> **Records for the task**
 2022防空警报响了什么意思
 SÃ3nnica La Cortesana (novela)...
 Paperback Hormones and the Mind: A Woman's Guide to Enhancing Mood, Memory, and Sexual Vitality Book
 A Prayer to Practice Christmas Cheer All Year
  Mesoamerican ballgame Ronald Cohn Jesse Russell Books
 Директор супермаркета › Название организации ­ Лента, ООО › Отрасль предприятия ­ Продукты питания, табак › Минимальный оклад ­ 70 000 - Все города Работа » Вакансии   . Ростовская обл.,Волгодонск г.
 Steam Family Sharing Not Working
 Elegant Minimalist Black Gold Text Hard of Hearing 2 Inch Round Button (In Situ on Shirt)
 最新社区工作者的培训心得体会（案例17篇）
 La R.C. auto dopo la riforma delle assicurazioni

> **Problem**
Only the lines from the one containing "Директор супермаркета ›" through the end of the material should be copied, exactly as they stand; please keep both ends.

> **Solution to this task**
 Директор супермаркета › Название организации ­ Лента, ООО › Отрасль предприятия ­ Продукты питания, табак › Минимальный оклад ­ 70 000 - Все города Работа » Вакансии   . Ростовская обл.,Волгодонск г.
 Steam Family Sharing Not Working
 Elegant Minimalist Black Gold Text Hard of Hearing 2 Inch Round Button (In Situ on Shirt)
 最新社区工作者的培训心得体会（案例17篇）
 La R.C. auto dopo la riforma delle assicurazioni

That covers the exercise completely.